Data for this task:

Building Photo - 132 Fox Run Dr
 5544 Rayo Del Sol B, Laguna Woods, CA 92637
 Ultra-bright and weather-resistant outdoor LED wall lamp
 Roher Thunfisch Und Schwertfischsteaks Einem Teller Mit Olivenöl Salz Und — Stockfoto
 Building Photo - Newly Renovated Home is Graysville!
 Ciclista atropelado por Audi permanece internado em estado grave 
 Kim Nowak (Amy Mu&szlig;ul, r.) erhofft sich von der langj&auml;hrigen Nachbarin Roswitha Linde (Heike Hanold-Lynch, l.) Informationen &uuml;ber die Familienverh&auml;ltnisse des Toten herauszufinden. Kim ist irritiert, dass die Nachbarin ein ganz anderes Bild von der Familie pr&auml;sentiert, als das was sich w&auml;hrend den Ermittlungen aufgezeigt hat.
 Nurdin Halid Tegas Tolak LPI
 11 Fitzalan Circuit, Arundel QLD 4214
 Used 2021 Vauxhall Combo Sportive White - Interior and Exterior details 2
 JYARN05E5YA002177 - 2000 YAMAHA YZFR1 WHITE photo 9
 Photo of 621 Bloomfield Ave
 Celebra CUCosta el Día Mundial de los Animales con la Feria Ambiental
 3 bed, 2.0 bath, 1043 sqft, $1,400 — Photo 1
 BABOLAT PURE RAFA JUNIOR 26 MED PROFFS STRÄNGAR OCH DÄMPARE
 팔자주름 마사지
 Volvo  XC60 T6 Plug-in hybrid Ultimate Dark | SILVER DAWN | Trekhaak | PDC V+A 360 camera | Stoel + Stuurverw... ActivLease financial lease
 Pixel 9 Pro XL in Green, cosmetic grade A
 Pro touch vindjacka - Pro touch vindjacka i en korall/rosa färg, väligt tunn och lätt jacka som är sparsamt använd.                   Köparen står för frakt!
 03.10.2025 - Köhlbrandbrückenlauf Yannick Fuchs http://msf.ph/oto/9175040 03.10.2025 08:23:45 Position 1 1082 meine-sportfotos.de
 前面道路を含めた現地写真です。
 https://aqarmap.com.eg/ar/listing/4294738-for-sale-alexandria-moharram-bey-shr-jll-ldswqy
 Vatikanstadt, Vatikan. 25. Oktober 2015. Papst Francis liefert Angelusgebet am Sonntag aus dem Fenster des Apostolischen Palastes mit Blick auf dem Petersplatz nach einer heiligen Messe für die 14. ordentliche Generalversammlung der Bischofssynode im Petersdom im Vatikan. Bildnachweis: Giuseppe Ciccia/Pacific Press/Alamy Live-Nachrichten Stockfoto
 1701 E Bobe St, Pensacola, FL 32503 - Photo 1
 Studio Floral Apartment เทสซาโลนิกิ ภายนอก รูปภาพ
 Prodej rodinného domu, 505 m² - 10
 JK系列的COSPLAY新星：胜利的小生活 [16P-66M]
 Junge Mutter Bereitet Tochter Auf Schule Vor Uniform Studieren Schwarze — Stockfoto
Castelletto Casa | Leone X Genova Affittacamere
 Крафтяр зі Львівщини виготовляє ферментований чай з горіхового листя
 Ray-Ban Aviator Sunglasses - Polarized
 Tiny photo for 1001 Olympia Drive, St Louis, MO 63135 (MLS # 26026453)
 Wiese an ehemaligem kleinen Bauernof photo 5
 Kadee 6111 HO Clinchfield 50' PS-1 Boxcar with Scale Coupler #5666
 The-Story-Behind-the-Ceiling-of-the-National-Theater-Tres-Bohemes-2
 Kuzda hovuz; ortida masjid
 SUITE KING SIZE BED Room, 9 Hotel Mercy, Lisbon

What to produce:
Copy out every line of the data in which the word "Building" is found.

Solution to this task:
Building Photo - 132 Fox Run Dr
 Building Photo - Newly Renovated Home is Graysville!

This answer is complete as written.